Here at Tariffic, we are also unsure as to where you draw the line when it comes to regulating OTT services? There isn’t even a 100% accepted definition for OTT – do OTT services also include things like dating websites, Twitter, Showmax or Netflix? The networks are focusing on the services which detract from their existing offerings (like calls and SMSs) but who’s to say this won’t extend to any other app on your phone? And if regulation is instated, this would be so detrimental to small businesses who rely on OTT services like Skype, to manage their voice spend.

Like we questioned in our previous article, if legislation is passed, who does it favour? Small companies and consumers or large mobile operators? More likely, the latter.
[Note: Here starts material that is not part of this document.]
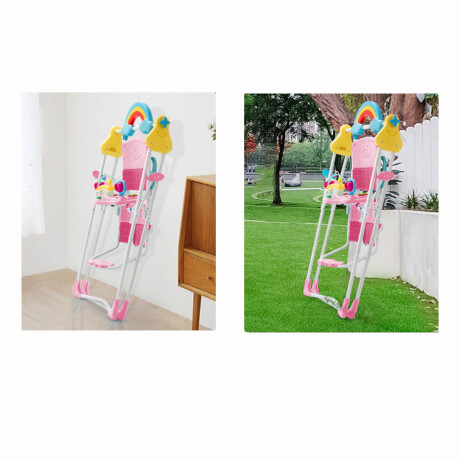 Silla Bebé Columpio Mecedor Juego Hamaca Int/ext Rosa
Microsoft, Google and Facebook all support the same sentiment – they would rather see themselves working with operators, as revenue generators, rather than in competition.

So where to from here?

By the end of the meeting, The Independent Communications Authority of South Africa (ICASA) had stated that they plan to launch an inquiry in the next financial year to look at the impact of OTT services, like WhatsApp and Skype, on the data services market.

From what we can see, it’s still too soon to implement regulation. Instead, they’ll monitor the impact OTT has on the market.

For the time-being, consumers can happily continue to use their OTT services as they wish and large cell phone providers would have to find other ways of recouping lost revenue – preferably through services that offer value to their customers rather than detracting from customers’ experiences.